§ **YOUR INSTRUCTIONS**: Go to the line holding "Moderne Außen-Tischleuchte auf" in the data below and repeat it exactly, then each line after it up to and including the one holding "Lamb Wearing A". Omit pictures.
==== TASK INPUTS ====
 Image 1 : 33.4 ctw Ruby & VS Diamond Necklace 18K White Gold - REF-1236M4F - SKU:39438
====
==== TASK INPUTS ====
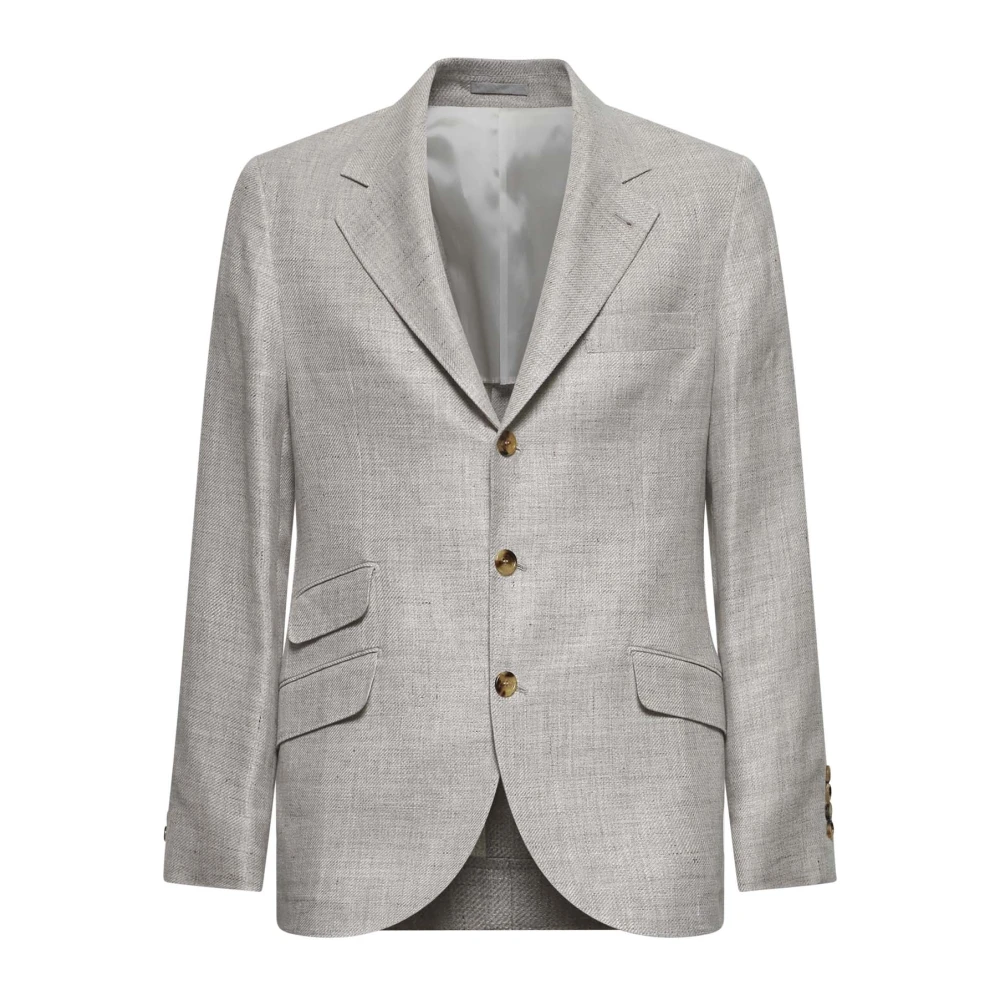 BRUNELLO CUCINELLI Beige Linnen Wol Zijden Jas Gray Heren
====
==== TASK INPUTS ====
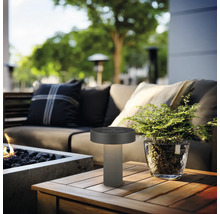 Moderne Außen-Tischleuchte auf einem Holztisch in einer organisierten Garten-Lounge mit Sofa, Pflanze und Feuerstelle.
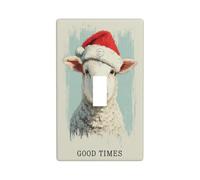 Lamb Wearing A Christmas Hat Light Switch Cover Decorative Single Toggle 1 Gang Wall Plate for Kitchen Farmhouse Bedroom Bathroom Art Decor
====
§ **RESPONSE BELOW**:
 Moderne Außen-Tischleuchte auf einem Holztisch in einer organisierten Garten-Lounge mit Sofa, Pflanze und Feuerstelle.
 Lamb Wearing A Christmas Hat Light Switch Cover Decorative Single Toggle 1 Gang Wall Plate for Kitchen Farmhouse Bedroom Bathroom Art Decor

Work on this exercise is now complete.